[Raw data]
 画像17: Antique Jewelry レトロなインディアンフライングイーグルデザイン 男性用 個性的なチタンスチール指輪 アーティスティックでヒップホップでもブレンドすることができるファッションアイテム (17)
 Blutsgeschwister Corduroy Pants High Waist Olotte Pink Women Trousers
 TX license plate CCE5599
[/Raw data]
Your task is to reproduce the whole listing exactly.

[Answer to the exercise]
 画像17: Antique Jewelry レトロなインディアンフライングイーグルデザイン 男性用 個性的なチタンスチール指輪 アーティスティックでヒップホップでもブレンドすることができるファッションアイテム (17)
 Blutsgeschwister Corduroy Pants High Waist Olotte Pink Women Trousers
 TX license plate CCE5599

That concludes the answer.